Speaking of editors, my editor at Waveland Press has decided we ought to do a 3rd edition of Introduction to Play Analysis. It’s possible that I may be merging it with my book Play Analysis in Action: Susan Glaspell’s Trifles, but we’ll see how it plays out.
So I haven’t been laying around taking antibiotics and eating saltwater taffy all last month…although I did take some antibiotics, and I have discovered the best saltwater taffy I’ve ever eaten at Taffy Town — highly recommended.
As usual, I concur with your observations. I've run into a recent string of gatekeepers for the first time ever. But, then "times-they-are a-changin'."
Recently, every theatrical literary manager I've had contact with regarding submissions, has been female, most ethnic and some LGBTQ. As you may guess, I am none of those things. Some of these gatekeepers blatantly publish a desire or preference for submission that is specifically play subjects regarding females, or of racial or LGBTQ issues- or from exclusively writers who are one or more of these things. And I add, everyone of them is a playwright themselves, seeking opportunity for themselves. (Usually providing them one new premiere of their own work every 1-3 years.)
Furthermore, if you look at the submitted play selections they make, even when they do not advertise this bias, it is exactly this; plays on the experiences of women, ethnic experience or experiences of the LGBTQ community.
I get it, really. After decades of what must be a presumed bias in theater, I guess the assumption that play selection favored straight, white-only male writers, these women are practicing a long needed balancing act of reverse discrimination to provide much needed opportunity to a previously excluded and disenfranchised group of writers. And it doesn't matter that at age 70, with my submissions, they practice ageism too.

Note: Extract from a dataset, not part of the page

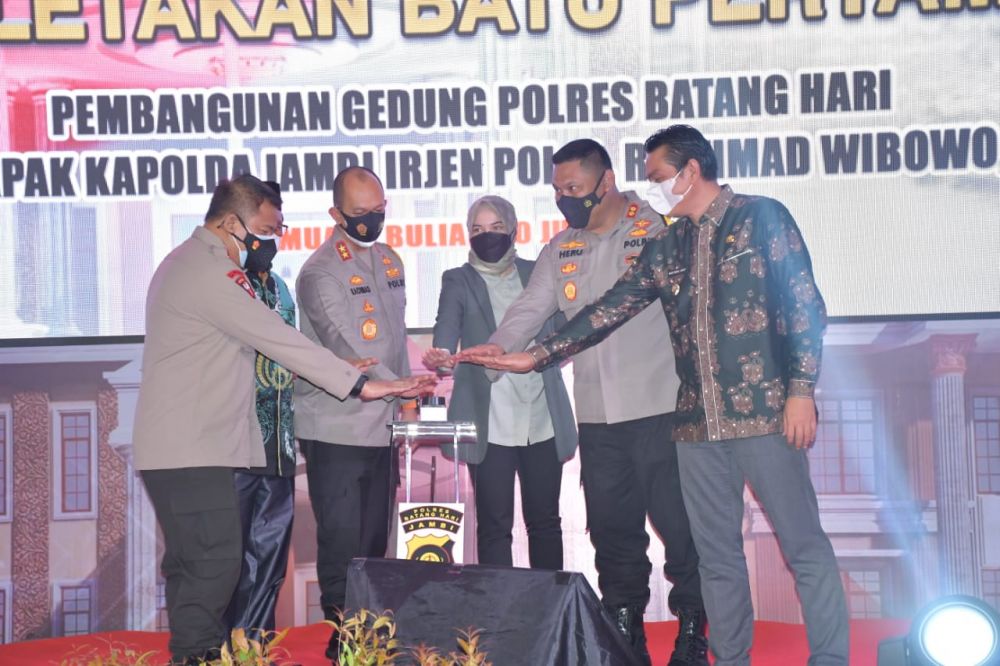 Peletakan Batu Pertama Gedung Polres Batanghari, Ini Harapan Bupati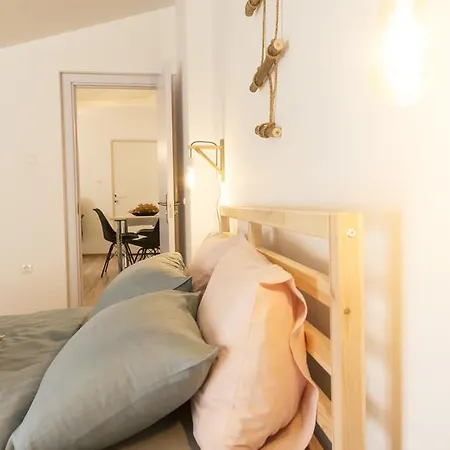 Balabanov White Apartment Warna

I was at first incensed that they would practice this reverse discrimination, I assumed well-educated gatekeepers like these would look past that and judge material by it's quality. But, then I realized that most have little education or experience to make such quality judgement. (Kind of like most Broadway producers.) None have spent decades practicing, learning from mistakes and honing craft. Most are merely diploma-based students struggling to find opportunity for their own works while earning a wage controlling the gate to favor their preferences..
Well, these things tend to bounce back, in cycles. Already there is good evidence that these preferential selections are losing audience base, the majority of annual member-patrons not identifying with the subject matter and growing weary of the social-political rebuke and task-taking these often angry diatribes blatantly attempt to foist upon them. Audiences in Portland and Ashland have voiced weariness to this persistent onslaught of programming. (And no, this was not discriminatory rhetoric, but the reaction to programming fatigue.)
And then they wonder why their companies are bleeding out money and going into bankruptcy. Simply stated, they put their bias agenda ahead of the program desires of their market audiences.
Well, this is, indeed, the flavor of the month. I am happy for new voices to be heard, a little less so by this discrimination. I give these gatekeepers much kudos. It used to be that those who can't write (achieve opportunity and success) would teach. (And most still do.) But, now, a subset simply take control of the company to see opportunity is theirs to take and bestow on their favorites. Brilliant!
Were I playwright more than composer, I would be moved to write the perfect Geo S. Kaufman satire this situation suggests: the travails of a playwright intentionally writing and submitting a fictional history play that hits every cliche of these preferential demands and then forced to pretend to be a disenfranchised playwright selected to see a production of the selected work through. (Or maybe lop off the latter part and just submit the work under a female, gay, ethnic nom-de-plume.) Oh, well, I will accept partnership offers, as composer, if this idea warrants becoming a musical. Ha!